INSTRUCTIONS FOR THE TASK:
Omit the pictures and return exactly the stretch of the material below from the line with "2 Rolls Knit-Cro-Sheen" through the line with "1girls ada_wong ada_wong_(caroline_ribeiro)".

┌─ LISTED RECORDS

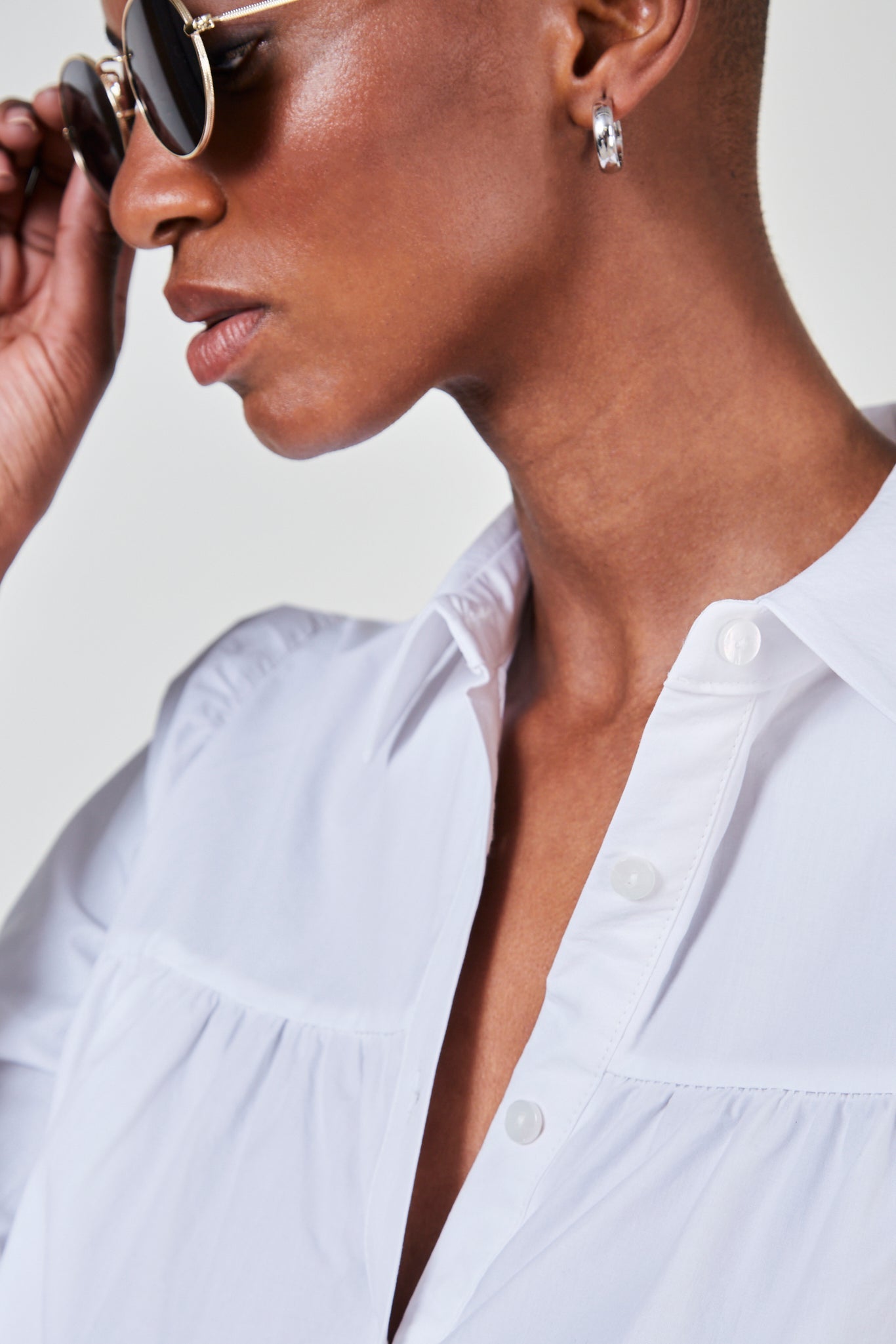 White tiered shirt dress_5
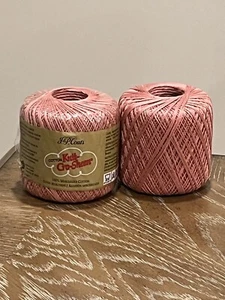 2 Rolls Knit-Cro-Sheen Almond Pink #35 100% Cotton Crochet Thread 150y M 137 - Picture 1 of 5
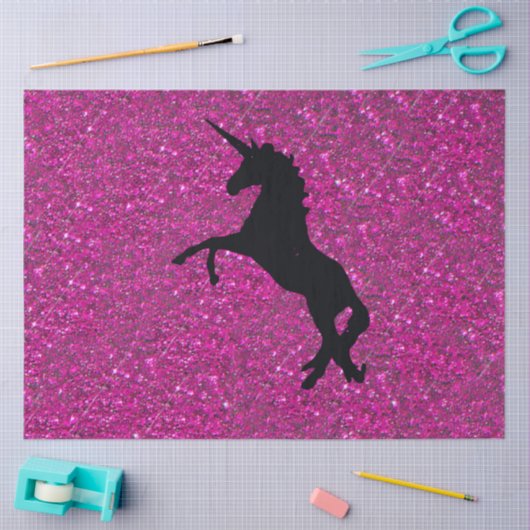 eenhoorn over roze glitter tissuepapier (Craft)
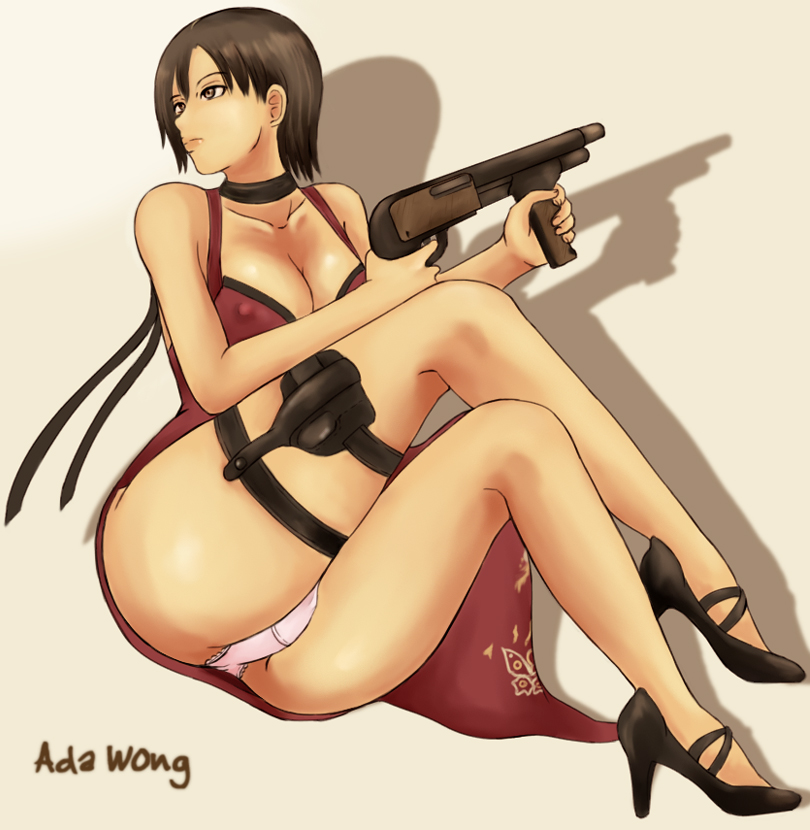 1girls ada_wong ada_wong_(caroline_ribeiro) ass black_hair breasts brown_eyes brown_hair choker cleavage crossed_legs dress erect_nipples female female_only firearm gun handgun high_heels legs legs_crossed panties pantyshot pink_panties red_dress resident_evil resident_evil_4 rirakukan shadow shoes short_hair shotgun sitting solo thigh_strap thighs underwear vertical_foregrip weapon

└─
┌─ LISTED RECORDS

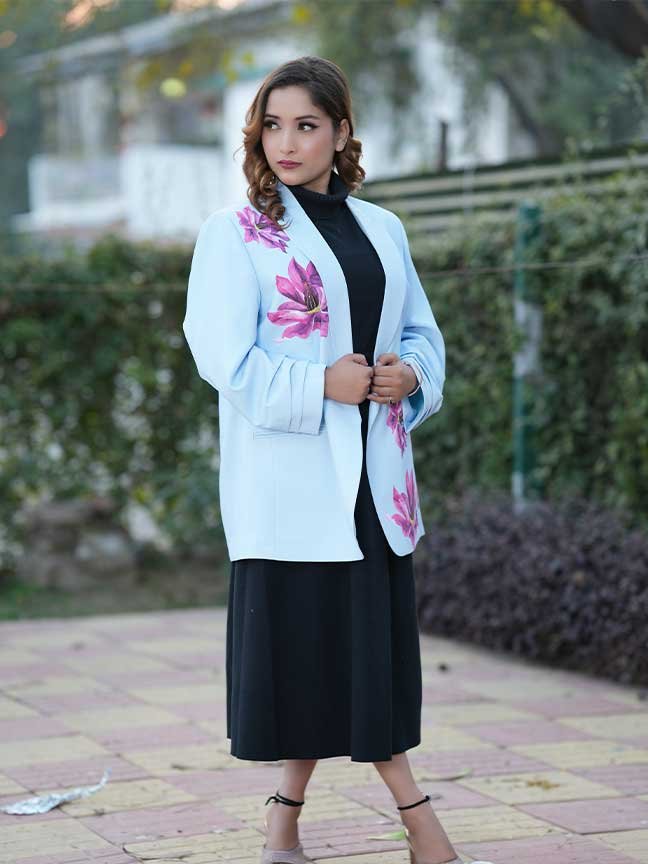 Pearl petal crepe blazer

└─

RESPONSE BOX:
 2 Rolls Knit-Cro-Sheen Almond Pink #35 100% Cotton Crochet Thread 150y M 137 - Picture 1 of 5
 eenhoorn over roze glitter tissuepapier (Craft)
 1girls ada_wong ada_wong_(caroline_ribeiro) ass black_hair breasts brown_eyes brown_hair choker cleavage crossed_legs dress erect_nipples female female_only firearm gun handgun high_heels legs legs_crossed panties pantyshot pink_panties red_dress resident_evil resident_evil_4 rirakukan shadow shoes short_hair shotgun sitting solo thigh_strap thighs underwear vertical_foregrip weapon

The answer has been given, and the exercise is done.